**Aim of the task:**
Exactly as they appear, transcribe the entries and skip any pictures.

★ ★ ★ ★ ★

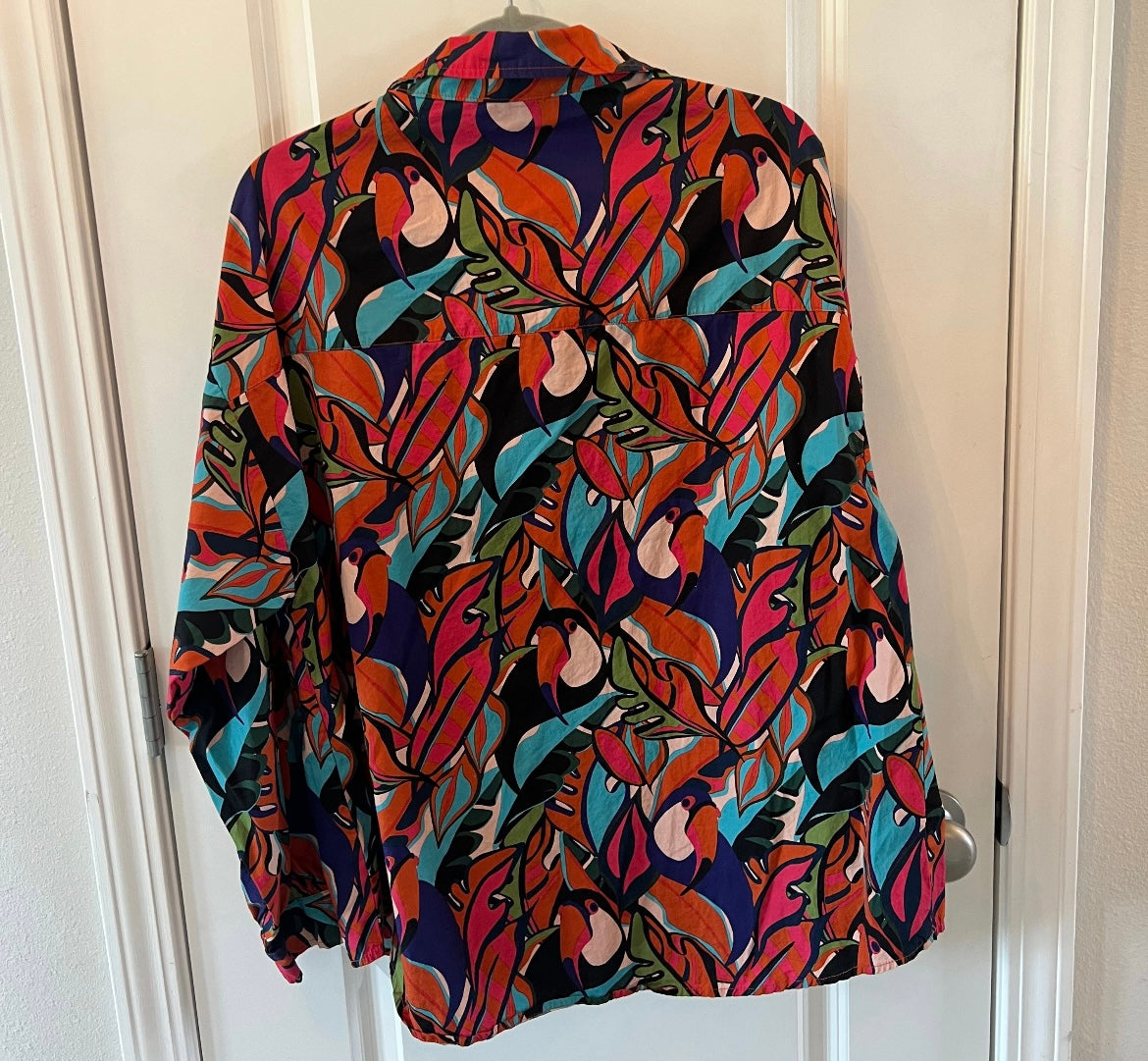 Palms Away Print Button Down Top Women’s Size Large Rust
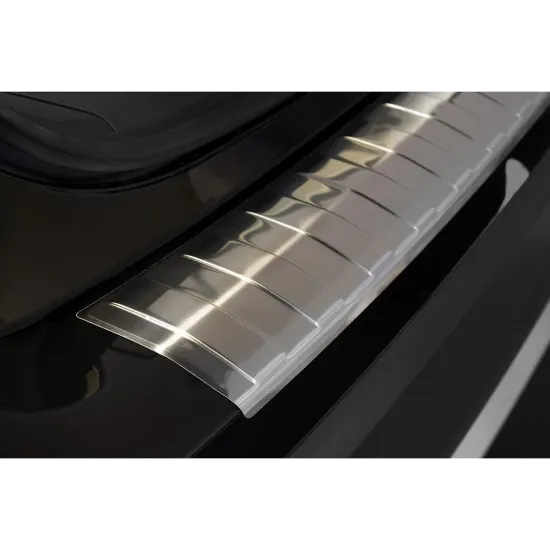 Tagumise põrkeraua kaitse - Mitsubishi Outlander (2015-2022) Outlander (2020-2022)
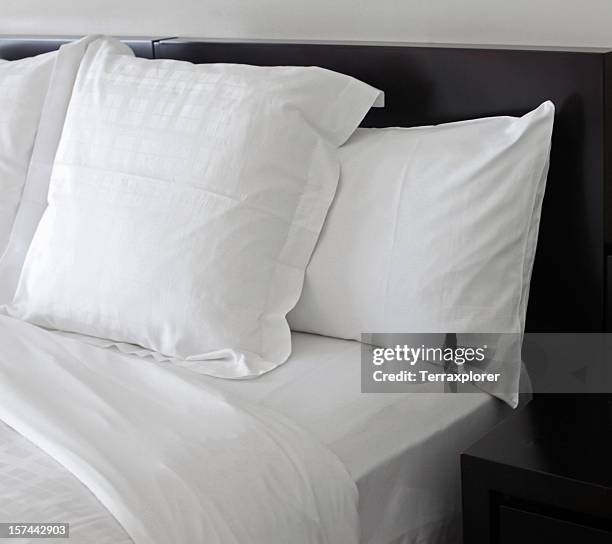 letto con cuscini bianchi - pillow foto e immagini stock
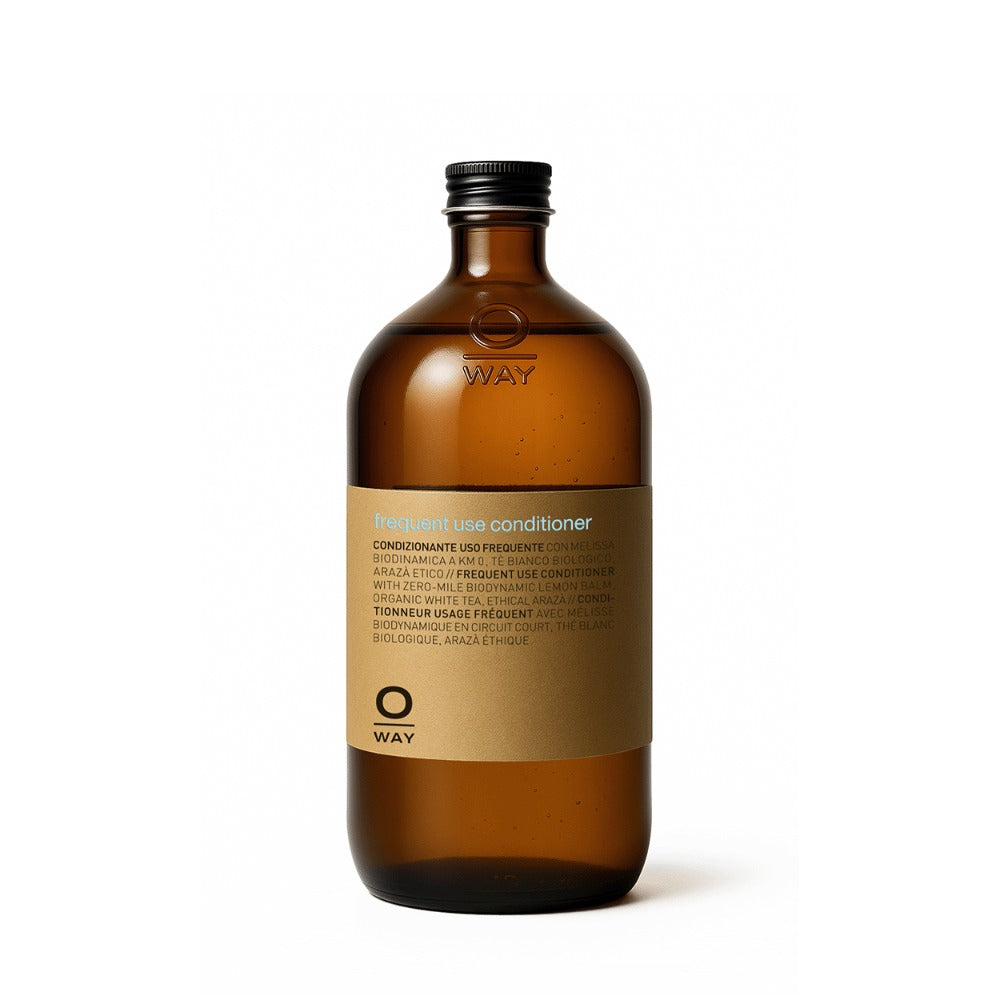 Oway Frequent Use Conditioner 950ml bottle on white background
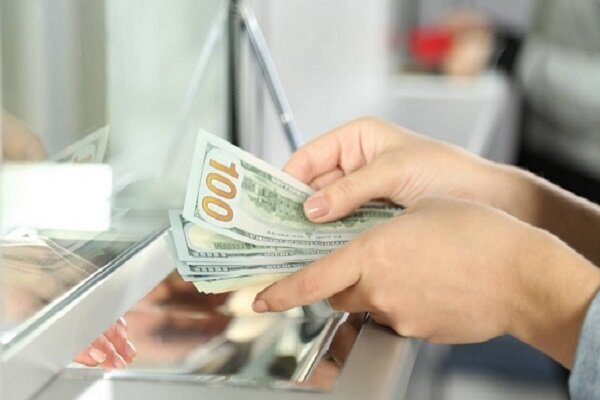 هیجانات ارزی فروکش میکند؛ خریداران، بهای ترس را میپردازند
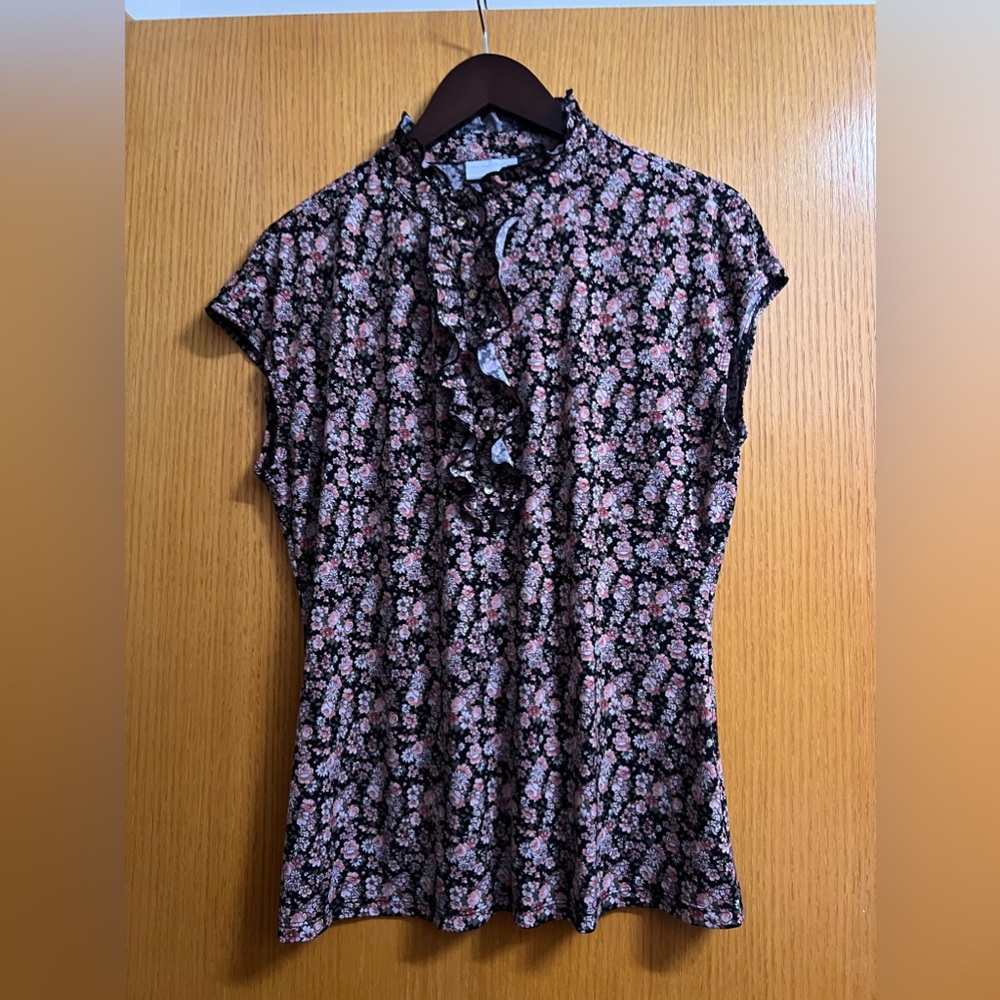 NY & Co short sleeve dress shirt blouse ruffle flower EUC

★ ★ ★ ★ ★

**Written answer:**
 Palms Away Print Button Down Top Women’s Size Large Rust
 Tagumise põrkeraua kaitse - Mitsubishi Outlander (2015-2022) Outlander (2020-2022)
 letto con cuscini bianchi - pillow foto e immagini stock
 Oway Frequent Use Conditioner 950ml bottle on white background
 هیجانات ارزی فروکش میکند؛ خریداران، بهای ترس را میپردازند
 NY & Co short sleeve dress shirt blouse ruffle flower EUC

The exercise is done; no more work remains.